20 g was charged into a 1 liter reaction flask equipped with a stirrer and a dry distillation cooler, and 700 g of ion-exchanged water and 700 g of pyridine were added.
g, and the mixture was stirred for 3 hours under reflux. After standing to cool, the precipitate was separated by filtration, washed sufficiently with ion-exchanged water, separated by filtration, washed with acetone, filtered, and vacuum-dried at 120 ° C. for 8 hours to obtain 17 g of a blue powder solid. It was obtained. According to the analysis by FD-mass spectrum,
A partially chlorinated oxotitanium phthalocyanine compound having m / z = 576, 610 as a main component.
It is the strongest ion peak based on the respective isotope element ratios, and the ratio of partially substituted oxotitanium phthalocyanine to unsubstituted oxotitanium phthalocyanine was 11%: 88% from the intensity ratio. According to powder X-ray diffraction for Cu-K [alpha line of this powder was α-type oxotitanium phthalocyanine compound having a main diffraction peak at 7.5 ° of Bragg angle 2θ (± 0.2 °).

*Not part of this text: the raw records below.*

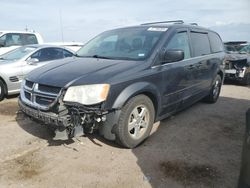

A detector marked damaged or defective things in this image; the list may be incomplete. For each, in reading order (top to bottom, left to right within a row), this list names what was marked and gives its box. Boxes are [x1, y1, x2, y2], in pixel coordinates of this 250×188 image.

crumpled hood [26, 56, 145, 88]
cracked bumper piece [18, 99, 70, 127]
front end damage [18, 80, 119, 141]
broken headlight assembly [63, 84, 110, 105]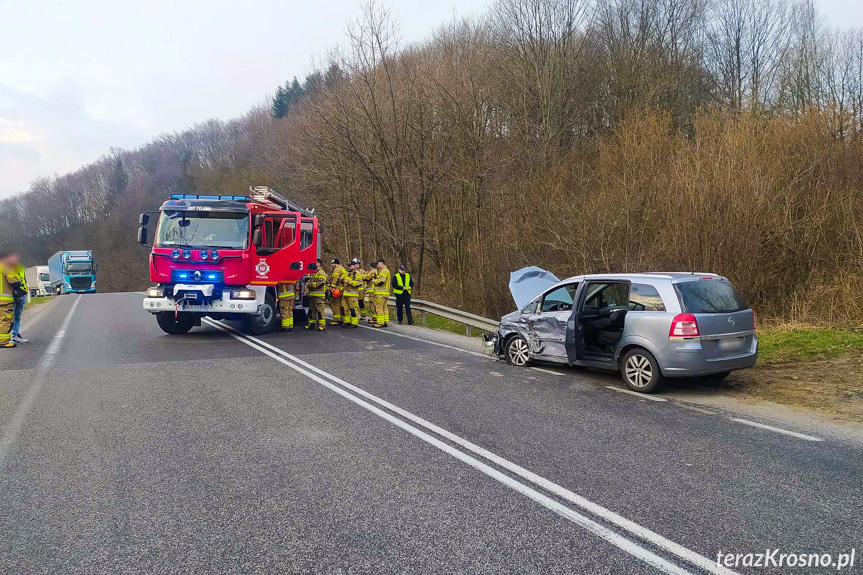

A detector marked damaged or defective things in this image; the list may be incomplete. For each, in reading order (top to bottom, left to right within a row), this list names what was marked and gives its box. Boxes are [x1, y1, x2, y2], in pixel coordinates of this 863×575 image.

crumpled hood [506, 266, 560, 310]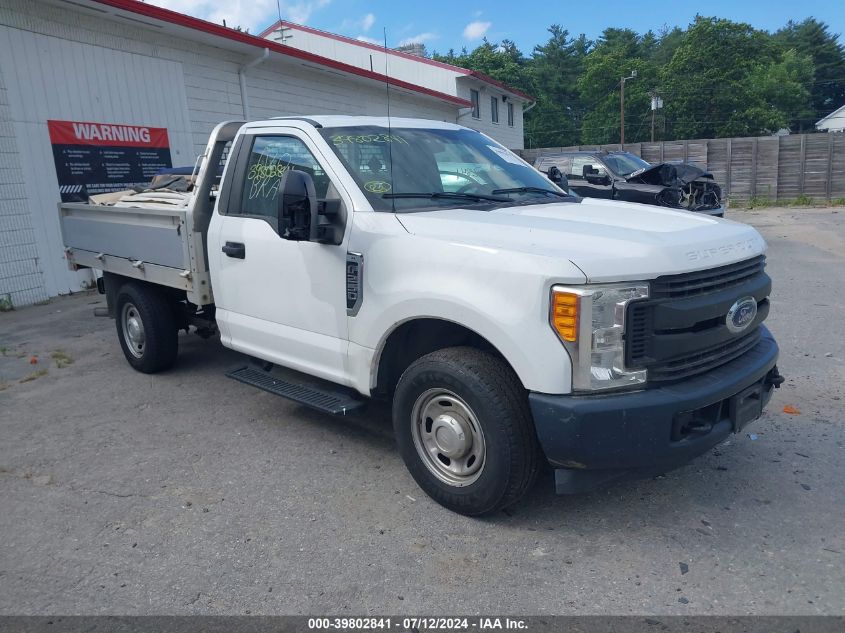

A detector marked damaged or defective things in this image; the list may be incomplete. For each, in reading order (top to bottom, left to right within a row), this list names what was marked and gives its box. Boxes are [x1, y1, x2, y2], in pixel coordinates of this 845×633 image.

damaged car in background [536, 151, 724, 217]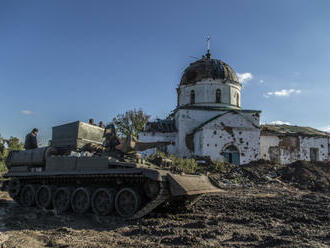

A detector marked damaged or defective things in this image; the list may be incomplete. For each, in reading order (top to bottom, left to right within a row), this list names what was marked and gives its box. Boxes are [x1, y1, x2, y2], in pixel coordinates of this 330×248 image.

damaged church [138, 49, 328, 165]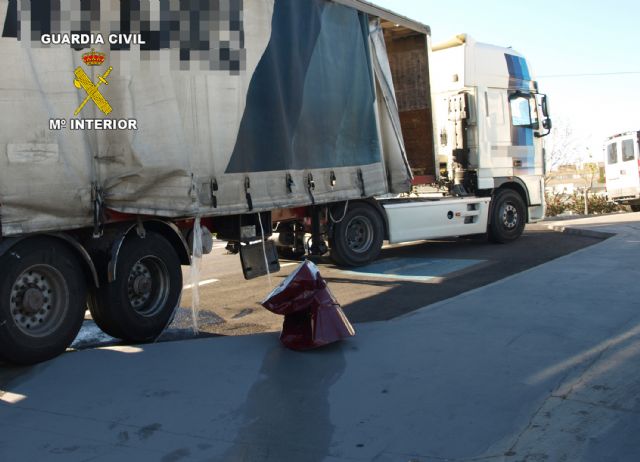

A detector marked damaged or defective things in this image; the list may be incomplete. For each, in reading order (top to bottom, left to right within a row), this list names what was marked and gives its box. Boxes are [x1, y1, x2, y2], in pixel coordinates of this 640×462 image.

damaged trailer curtain [0, 0, 410, 236]
torn tarpaulin [262, 260, 358, 350]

A portion was sampled, and the contained organic solvents were measured by gas chromatography. As a result, 0.009% of chloronaphthalene and 0.19% of pyridine were detected.

Comparative Example 1 Dichlorotitanium phthalocyanine compound 2 of Example 1
A hydrolysis reaction of 0 g was performed using 700 g of aqueous ammonia without using pyridine. After the same post-treatment as in Example 1, the obtained blue solid was analyzed by gas chromatography. As a result, pyridine was not detected, but 0.1% of chloronaphthalene was detected. To remove chloronaphthalene from this oxotitanium phthalocyanine compound, a Soxhlet extraction operation with acetone was required.

[0028]

As described above, according to the present invention, an oxotitanium phthalocyanine compound which can be used as an electronics-related material without requiring complicated operations such as recrystallization, reprecipitation, Soxhlet extraction, and sublimation purification. Obtainable.

[Brief description of the drawings]

FIG. 1 is a powder X-ray diffraction diagram of a dichlorotitanium phthalocyanine compound in Example 1.

FIG. 2 is a powder X-ray diffraction diagram of the oxotitanium phthalocyanine compound in Example 1.

Claims (3)

[Claims] In the X-ray diffraction of CuKα ray, 2θ (±
0.2)). A process for producing an oxotitanium phthalocyanine compound, comprising hydrolyzing a dihalogenothitanium phthalocyanine compound having a main peak at 7.4 ° in a mixture of water and a water-soluble organic solvent. 2. The dihalogeno titanium phthalocyanine compound is a dichloro titanium phthalocyanine compound,
The method for producing an oxotitanium phthalocyanine compound according to claim 1, wherein the water-soluble organic solvent is pyridine. 3. An oxotitanium phthalocyanine compound is obtained by X-ray diffraction of CuKα ray at 2θ (± 0.2
3. The method for producing an oxotitanium phthalocyanine compound according to claim 1 or 2, wherein the method has a main peak at 7.5} of (iii).